This week, Washington joins Oregon as the only two states in the nation allowing terminally ill patients to take their own lives with lethal doses of legally obtained drugs.
From Saturday’s edition:
Just one of Snohomish County’s four hospitals, Cascade Valley Hospital in Arlington, plans to allow its doctors and other health care providers to give life-ending drugs to patients who meet the legal requirements.
The county’s three other hospitals, Providence Regional Medical Center in Everett, Stevens Hospital in Edmonds and Valley General Hospital in Monroe, will not allow the practice to occur within hospital walls. Elsewhere in the story Barbara Coombs Lee, president of Compassion &Choices, a Denver-based organization that advocates physician-assisted death.says hospital policies against life-ending medication are empty gestures because in most cases, terminally ill people die in hospice care, often at home. Later in the story Lee said she hopes the new law will encourage people to stop referring to the practice as “suicide.”
“That’s like calling people who jumped from the World Trade Center, with flames at their back, suicidal. They’re not suicidal, they don’t want to die, but they are dying. They are hoping to choose the least-worst way.”

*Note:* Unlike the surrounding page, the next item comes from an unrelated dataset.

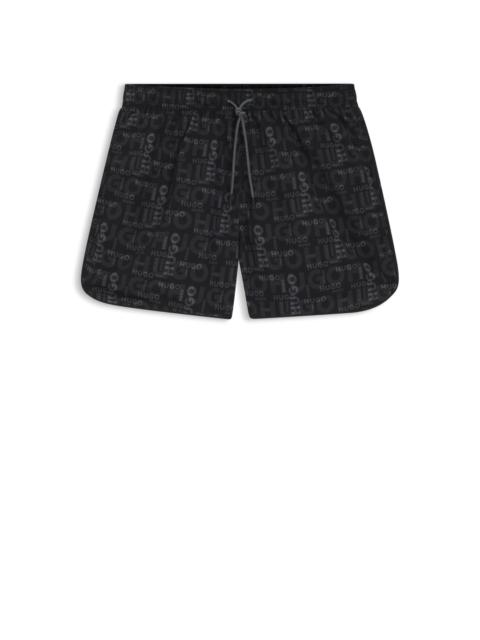 SWIM SHORTS WITH ALL-OVER PRINT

This story stirred some strong reader comments. From one who opposed the law:
I do have to thank the Herald for letting me know which hospitals want to assist in this barbaric practice, I will make sure that my family and friends stay clear of those hospitals and deliver their health care dollars elsewhere.
Which prompted this response: You don’t get to decide what treatment is ‘moral’. If you don’t like the law, get out of the profession!! If the law says it’s a treatment option, and you are capable of providing it, then provide or leave. I am sick and tired of a microscopic minority of moral mavens inflicting their will on others. Follow the law or go away.